To fight climate change, we need to start biking like the Dutch

If people around the world were as enthusiastic cyclers as they are in the Netherlands, we could cut an impressive amount of planet-heating pollution. The Dutch use bicycles to get around more than folks in any other country, cycling about 2.6 kilometers (1.62 miles) a day.

If that was the trend across the world, it would slash 686 million metric tons of carbon dioxide pollution a year, according to the authors of a new study published this week in the journal Communications Earth & Environment. That’s enormous — roughly equivalent to erasing one-fifth of CO2 emissions from passenger cars globally in 2015.

Cleaning up pollution from transportation is a huge piece of the puzzle when it comes to slowing down the climate crisis that’s causing more brutal heatwaves, droughts, fires, and storms. Transportation currently makes up a quarter of fuel-related greenhouse gas emissions globally, with half of that coming from passenger cars.

Replacing those gas-guzzlers with electric vehicles gets a lot of media attention as a sure-fire way to keep the climate crisis at a more manageable level. But that transition is happening slowly, and it doesn’t go far enough in reimagining a more sustainable future for transportation.

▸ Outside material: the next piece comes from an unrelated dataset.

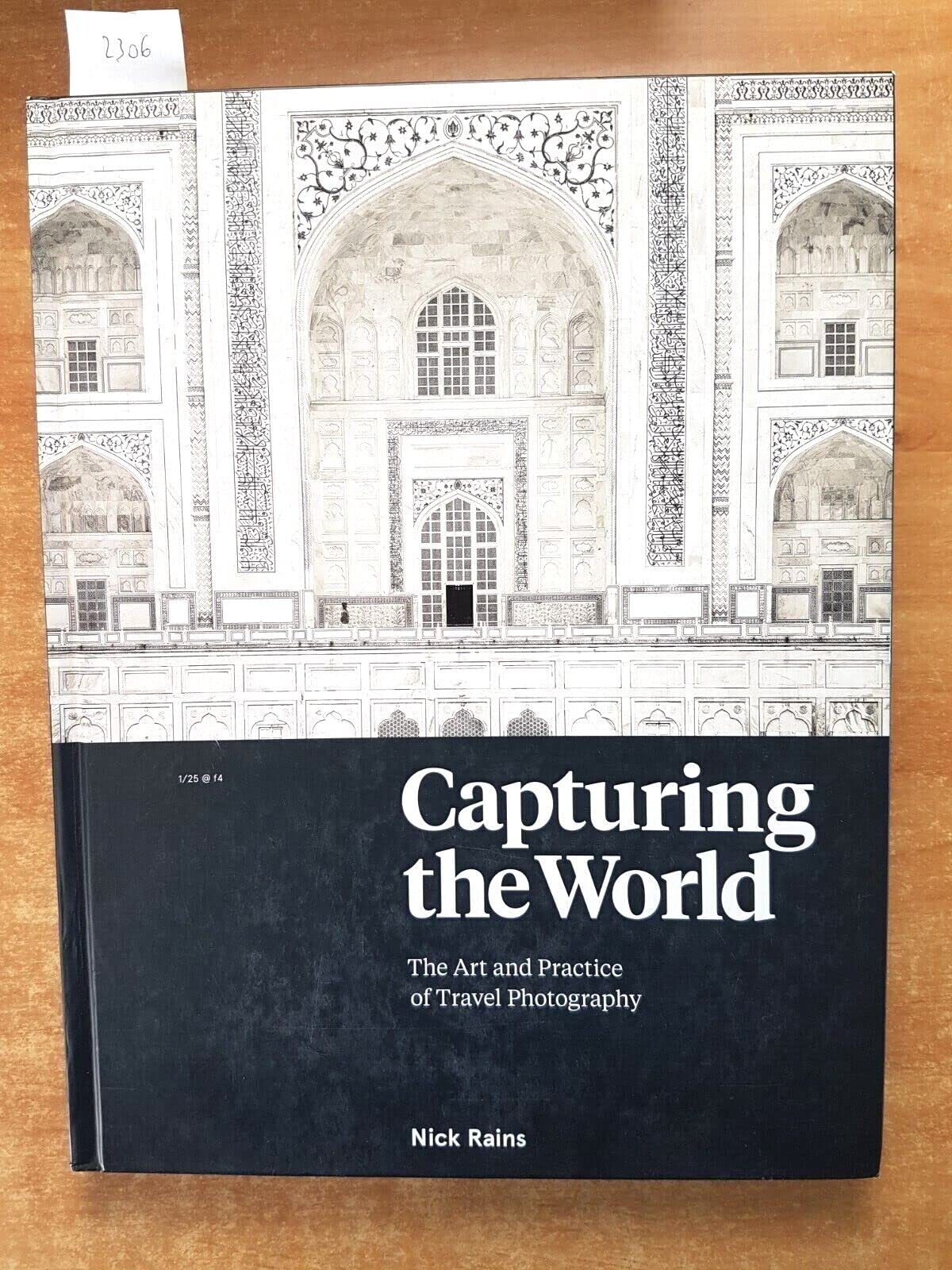 Capturing The World: The Art And Practice Of Travel Photography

The bigger picture, beyond cars, includes communities designed to make it easier for people to get around by public transportation, on foot, and on bicycle. Bicycles, in particular, are great for replacing car trips that might be too far to walk and too short for transit, the authors of the new study point out.

They found that bicycle production has actually grown faster than car production between 1962 and 2015. But owning a bike doesn’t cleanly translate to actually using that bike regularly, their study shows. That’s the case in the US, where bicycles tend to be used more for leisure than commuting. Bicycles were used for less than five percent of daily trips in most of the countries studied.

Animated historical per-capita bicycle ownership versus per-capita car ownership from 1962 to 2015.

Animated historical per-capita bicycle ownership versus per-capita car ownership from 1962 to 2015.

The difference in the Netherlands and similar countries like Denmark, where there were high rates of owning and using a bike to get around, the paper says, often boils down to culture and environment. Bicycling might be seen as more dangerous, the paper notes, in some places with high traffic death rates where cyclers might have to navigate through streets crammed with cars.

To get over those kinds of humps, the new paper calls for “worldwide pro-bicycle policy and infrastructure.” That might look like more protected bicycle lanes or strategies to overcome the world’s driving addiction through carbon taxes or congestion pricing.

This study is the first to put together a worldwide dataset on bicycle ownership and use by country between 1962 and 2015, according to its authors. They pulled together information from the United Nations, travel surveys, journal articles, and industry reports. They ultimately included 60 countries representing 95 percent of the world’s GDP and bicycle production, import, and export.